Saint Paul told the people of Corinth that, “when I became a man, I put childish ways behind me.” So must we all. Well, most of us. Some adults never give up childish things. We call them professional athletes.
As someone once said (the Internet is divided on the source), “You’re only young once, but you can be immature forever.” The proof of that axiom is in sports stars and their fans. I am a fan of a few sports, but only one that I regularly watch in person: baseball.
I love baseball. The cadence of the game is perfect for me. The constant movement of many sports bores me. Baseball is like a good book. It’s there to be savored, not rushed through. It has chapters (called innings) like a book, too. That’s probably why so many literary types are enamored of the game: King, Updike, Kinsella, Lardner, Grisham, Halberstam, Delillo. The list of great baseball books and movies is lengthy.
Of late, I have lost all interest in Major League Baseball, however. It’s a travesty. Until the league implements a salary cap, it will be a bad joke at the expense of the small market teams. I prefer competitive sport. My baseball fix now comes courtesy of the Lowell Spinners, a low minor league affiliate of the Red Sox.
The minors start with the Dominican League and the Rookie League in Fort Myers, FL then move up through Short Season Single-A in Lowell MA, Low-A in Greenville SC, High-A in Salem VA, AA in Portland ME, then AAA in Pawtucket RI. That’s a long road to Fenway and very few survive the trip. That’s another reason to love baseball. It’s hard. You will almost never see a kid come right out of college (or, heaven help us all, high school) who can play in the Big Show from day one. It just doesn’t happen; the game is too hard. I love it.

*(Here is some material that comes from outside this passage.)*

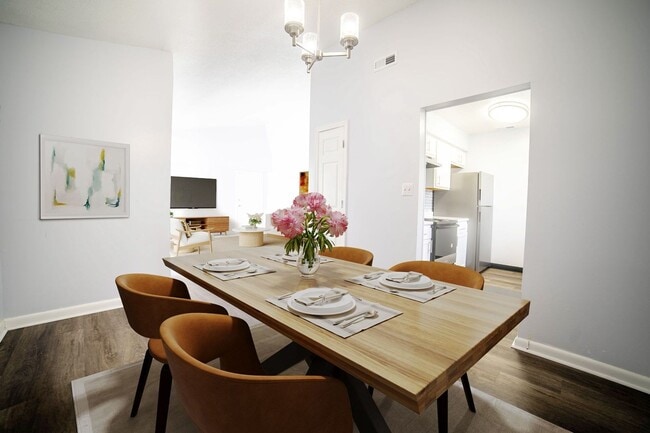 Interior Photo - Aura Apartments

But this is a sad year. One of my childish things – I prefer to say child-like things – was put away just this past week. I’ve been a season ticket holder with the Lowell Spinners for 17 years, since they were established. This year I turned in my tickets. With kids grown and mobility challenged, the expense could no longer be justified. Oh, I’ll still be at the games, just not in the seats that have contoured themselves to my bottom over all these years.
When I started considering the process of giving up this remnant of my past, there were plenty of misgivings. The ball park was the scene of a lot of great memories, and no shortage of great baseball. Rather than drone on and on about those recollections, here are a few highlights – some in words, some in images:
- Seeing legends in person, like Jim Rice, Luis Tiant, and Rich “el Guapo” Garces.
- Catching countless T-shirts and other thrown memorabilia.
- Watching kids who really want to play the game, as opposed to the spoiled brats (a.k.a. major leaguers) who act as if it’s an entitlement.
- Taking batting practice on the field to fulfill one of my “chair list” items.
- Seeing (and sometimes meeting) future greats like Youk, Ellsbury, Papelbon, Buchholz, David Eckstein, Hanley Ramirez, Freddy Sanchez, and so many more. Former Spinners are all over the Majors these days.
- Hanging with my “neighbors” in nearby seats.
- Mostly, I cherish games shared with my family, including my youngest daughter whose cheer was so loud and shrill that I think she was inducted into the Screaming Fan Hall of Fame. When she was there, our seats were in the “Ear Bleed Section”.
And so, as the Desiderata exhorts, I “gracefully surrender the things of youth”. Although I lose my primo seats next to the Spinners dugout, I can still look forward to spring when I will sit among the vast unwashed masses in the cheap seats.
But it’s still great baseball and baseball is still great. Play ball!